§ **What is expected**:
Among the lines below, restate word for word only those from the line with "Модульная патч-панель 19" through the line with "Rainforest Opal Pendants", with both end lines kept.
------ Provided material
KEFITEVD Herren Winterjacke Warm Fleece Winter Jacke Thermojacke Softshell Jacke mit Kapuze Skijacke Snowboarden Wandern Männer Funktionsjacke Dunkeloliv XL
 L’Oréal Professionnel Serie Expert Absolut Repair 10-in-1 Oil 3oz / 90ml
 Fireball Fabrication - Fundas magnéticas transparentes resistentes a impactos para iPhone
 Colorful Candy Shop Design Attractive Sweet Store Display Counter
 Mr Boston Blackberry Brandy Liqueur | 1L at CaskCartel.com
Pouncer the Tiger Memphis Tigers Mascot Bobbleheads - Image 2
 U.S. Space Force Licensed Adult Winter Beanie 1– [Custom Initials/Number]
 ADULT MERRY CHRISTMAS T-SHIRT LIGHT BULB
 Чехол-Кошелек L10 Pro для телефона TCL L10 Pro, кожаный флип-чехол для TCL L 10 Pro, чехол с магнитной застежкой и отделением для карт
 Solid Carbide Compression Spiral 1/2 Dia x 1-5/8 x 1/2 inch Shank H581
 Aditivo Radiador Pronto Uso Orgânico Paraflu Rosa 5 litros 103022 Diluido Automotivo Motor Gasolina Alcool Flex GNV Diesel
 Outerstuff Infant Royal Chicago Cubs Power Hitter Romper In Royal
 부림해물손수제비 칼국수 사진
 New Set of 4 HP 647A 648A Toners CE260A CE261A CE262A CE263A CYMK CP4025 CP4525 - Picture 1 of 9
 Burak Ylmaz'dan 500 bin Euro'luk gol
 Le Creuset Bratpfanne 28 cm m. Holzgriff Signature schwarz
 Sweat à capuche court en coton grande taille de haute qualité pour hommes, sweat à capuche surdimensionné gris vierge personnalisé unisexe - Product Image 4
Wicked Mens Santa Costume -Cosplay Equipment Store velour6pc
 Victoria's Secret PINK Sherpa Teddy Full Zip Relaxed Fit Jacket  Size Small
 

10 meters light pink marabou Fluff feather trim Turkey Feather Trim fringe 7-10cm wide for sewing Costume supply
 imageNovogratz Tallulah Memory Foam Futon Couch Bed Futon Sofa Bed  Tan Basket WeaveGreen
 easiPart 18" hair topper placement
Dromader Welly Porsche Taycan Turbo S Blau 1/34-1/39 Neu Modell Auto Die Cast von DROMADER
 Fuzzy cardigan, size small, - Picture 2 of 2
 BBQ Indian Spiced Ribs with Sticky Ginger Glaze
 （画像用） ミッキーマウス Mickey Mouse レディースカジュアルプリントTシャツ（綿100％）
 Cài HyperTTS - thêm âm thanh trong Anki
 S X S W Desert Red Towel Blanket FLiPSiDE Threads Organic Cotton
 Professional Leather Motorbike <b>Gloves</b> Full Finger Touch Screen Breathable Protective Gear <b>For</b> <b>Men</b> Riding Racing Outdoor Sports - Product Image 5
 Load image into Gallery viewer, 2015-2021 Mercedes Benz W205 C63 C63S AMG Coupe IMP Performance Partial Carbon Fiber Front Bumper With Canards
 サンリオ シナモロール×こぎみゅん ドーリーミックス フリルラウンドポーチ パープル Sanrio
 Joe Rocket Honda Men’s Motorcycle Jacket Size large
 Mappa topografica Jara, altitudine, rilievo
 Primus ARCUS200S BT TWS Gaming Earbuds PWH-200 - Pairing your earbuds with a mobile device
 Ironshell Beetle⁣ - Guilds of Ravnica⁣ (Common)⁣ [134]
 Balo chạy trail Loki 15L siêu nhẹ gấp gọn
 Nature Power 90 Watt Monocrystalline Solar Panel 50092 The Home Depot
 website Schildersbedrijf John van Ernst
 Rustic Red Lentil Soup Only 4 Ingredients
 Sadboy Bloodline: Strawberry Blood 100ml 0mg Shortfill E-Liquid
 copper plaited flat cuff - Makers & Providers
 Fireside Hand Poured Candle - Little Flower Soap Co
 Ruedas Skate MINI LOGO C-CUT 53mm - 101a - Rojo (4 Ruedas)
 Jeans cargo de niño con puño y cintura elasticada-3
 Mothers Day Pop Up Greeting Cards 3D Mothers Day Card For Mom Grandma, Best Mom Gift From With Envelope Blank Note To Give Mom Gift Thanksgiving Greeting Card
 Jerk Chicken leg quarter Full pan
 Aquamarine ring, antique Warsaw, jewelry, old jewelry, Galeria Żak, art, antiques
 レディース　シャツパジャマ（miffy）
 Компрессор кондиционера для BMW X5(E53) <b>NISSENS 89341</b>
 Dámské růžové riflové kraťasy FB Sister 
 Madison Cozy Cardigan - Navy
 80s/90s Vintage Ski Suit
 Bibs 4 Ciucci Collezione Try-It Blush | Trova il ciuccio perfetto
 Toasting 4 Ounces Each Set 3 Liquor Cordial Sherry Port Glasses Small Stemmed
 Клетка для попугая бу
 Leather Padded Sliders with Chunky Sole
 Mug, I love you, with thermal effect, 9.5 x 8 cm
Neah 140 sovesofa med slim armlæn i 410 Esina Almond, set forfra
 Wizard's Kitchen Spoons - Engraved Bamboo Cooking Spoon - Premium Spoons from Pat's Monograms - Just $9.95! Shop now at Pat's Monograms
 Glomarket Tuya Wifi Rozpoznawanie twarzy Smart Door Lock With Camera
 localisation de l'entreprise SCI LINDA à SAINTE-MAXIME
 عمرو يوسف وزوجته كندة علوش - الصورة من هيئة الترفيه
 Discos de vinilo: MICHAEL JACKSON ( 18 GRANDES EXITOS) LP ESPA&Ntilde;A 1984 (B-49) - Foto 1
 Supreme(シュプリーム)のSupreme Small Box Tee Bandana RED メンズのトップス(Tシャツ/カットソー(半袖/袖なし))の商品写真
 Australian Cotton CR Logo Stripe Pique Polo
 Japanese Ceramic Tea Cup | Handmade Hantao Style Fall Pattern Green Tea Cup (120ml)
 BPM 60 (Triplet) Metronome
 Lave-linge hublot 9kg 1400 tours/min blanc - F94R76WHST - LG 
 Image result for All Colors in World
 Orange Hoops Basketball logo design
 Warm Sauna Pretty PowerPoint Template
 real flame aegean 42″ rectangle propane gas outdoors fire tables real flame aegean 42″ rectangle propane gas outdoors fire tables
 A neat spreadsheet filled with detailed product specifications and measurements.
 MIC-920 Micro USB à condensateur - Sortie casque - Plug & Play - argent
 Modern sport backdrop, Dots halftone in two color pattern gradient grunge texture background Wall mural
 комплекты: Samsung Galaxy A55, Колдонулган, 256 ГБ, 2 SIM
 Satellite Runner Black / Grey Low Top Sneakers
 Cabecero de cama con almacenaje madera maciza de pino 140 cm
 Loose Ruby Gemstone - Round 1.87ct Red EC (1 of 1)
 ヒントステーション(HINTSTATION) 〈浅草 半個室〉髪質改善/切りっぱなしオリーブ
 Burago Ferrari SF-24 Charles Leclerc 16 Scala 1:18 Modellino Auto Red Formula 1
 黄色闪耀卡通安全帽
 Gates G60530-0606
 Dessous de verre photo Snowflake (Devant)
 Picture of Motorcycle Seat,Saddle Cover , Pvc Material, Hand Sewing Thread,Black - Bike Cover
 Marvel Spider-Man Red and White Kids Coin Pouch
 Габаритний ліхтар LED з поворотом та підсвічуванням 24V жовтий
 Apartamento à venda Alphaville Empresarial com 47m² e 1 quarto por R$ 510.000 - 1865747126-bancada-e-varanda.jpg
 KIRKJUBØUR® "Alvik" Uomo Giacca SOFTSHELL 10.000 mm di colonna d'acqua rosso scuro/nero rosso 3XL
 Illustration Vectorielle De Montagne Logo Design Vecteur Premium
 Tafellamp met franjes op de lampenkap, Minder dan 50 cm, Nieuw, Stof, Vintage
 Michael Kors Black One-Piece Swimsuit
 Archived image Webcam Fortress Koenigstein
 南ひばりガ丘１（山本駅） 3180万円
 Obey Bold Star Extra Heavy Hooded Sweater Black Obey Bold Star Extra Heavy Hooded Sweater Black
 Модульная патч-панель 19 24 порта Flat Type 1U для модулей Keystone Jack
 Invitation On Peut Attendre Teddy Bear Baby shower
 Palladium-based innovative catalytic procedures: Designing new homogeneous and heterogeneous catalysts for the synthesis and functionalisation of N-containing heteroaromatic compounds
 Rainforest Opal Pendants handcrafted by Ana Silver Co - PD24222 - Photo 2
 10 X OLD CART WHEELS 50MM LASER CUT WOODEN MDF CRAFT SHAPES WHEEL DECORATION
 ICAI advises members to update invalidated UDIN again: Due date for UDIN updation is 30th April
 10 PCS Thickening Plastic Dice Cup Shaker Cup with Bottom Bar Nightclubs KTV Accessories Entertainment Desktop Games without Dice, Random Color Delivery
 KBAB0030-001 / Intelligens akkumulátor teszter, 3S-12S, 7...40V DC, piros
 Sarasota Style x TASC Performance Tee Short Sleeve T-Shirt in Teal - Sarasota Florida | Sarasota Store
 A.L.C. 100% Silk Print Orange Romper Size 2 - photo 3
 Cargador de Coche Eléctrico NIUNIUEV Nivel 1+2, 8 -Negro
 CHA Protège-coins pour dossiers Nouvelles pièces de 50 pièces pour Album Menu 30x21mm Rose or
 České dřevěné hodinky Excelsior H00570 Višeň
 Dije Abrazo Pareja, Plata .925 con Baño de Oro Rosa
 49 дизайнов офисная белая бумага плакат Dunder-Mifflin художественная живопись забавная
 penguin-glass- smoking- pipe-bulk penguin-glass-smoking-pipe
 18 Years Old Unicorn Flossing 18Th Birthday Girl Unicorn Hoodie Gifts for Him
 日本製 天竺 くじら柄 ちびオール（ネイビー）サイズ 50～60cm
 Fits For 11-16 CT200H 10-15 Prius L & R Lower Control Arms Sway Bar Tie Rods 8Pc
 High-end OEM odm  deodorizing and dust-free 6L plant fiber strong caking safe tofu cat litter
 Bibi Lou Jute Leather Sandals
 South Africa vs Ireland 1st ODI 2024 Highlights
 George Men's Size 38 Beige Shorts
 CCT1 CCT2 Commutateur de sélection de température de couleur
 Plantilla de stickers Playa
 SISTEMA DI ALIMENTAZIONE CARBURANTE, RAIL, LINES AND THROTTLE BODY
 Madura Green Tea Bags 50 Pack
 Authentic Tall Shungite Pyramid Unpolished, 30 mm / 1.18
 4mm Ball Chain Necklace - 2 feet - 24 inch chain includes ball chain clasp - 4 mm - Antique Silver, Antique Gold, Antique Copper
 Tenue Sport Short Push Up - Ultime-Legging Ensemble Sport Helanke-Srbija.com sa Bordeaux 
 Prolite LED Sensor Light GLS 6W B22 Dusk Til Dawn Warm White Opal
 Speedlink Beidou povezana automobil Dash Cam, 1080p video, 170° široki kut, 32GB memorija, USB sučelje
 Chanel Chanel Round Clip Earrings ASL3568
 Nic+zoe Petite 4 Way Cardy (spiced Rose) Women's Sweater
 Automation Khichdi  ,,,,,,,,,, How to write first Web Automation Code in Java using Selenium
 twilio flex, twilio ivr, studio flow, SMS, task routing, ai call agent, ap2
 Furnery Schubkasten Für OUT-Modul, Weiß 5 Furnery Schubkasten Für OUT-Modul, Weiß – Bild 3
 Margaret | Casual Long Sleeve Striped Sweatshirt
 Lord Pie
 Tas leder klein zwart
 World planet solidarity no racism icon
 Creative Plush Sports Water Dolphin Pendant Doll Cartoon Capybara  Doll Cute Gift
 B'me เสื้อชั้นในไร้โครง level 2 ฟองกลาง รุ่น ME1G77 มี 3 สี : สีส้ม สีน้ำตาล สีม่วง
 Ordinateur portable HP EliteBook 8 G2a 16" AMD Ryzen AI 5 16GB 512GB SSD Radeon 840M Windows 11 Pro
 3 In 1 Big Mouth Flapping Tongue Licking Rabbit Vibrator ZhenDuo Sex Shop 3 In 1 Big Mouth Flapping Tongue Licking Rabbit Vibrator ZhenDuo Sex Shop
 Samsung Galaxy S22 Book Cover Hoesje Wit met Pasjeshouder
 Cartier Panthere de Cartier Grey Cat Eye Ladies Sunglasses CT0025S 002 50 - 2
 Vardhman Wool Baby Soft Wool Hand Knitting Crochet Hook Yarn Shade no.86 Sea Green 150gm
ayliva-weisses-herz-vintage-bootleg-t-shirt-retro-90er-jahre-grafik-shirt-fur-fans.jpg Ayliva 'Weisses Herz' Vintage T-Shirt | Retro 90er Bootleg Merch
------------
§ **Response area**:
 Модульная патч-панель 19 24 порта Flat Type 1U для модулей Keystone Jack
 Invitation On Peut Attendre Teddy Bear Baby shower
 Palladium-based innovative catalytic procedures: Designing new homogeneous and heterogeneous catalysts for the synthesis and functionalisation of N-containing heteroaromatic compounds
 Rainforest Opal Pendants handcrafted by Ana Silver Co - PD24222 - Photo 2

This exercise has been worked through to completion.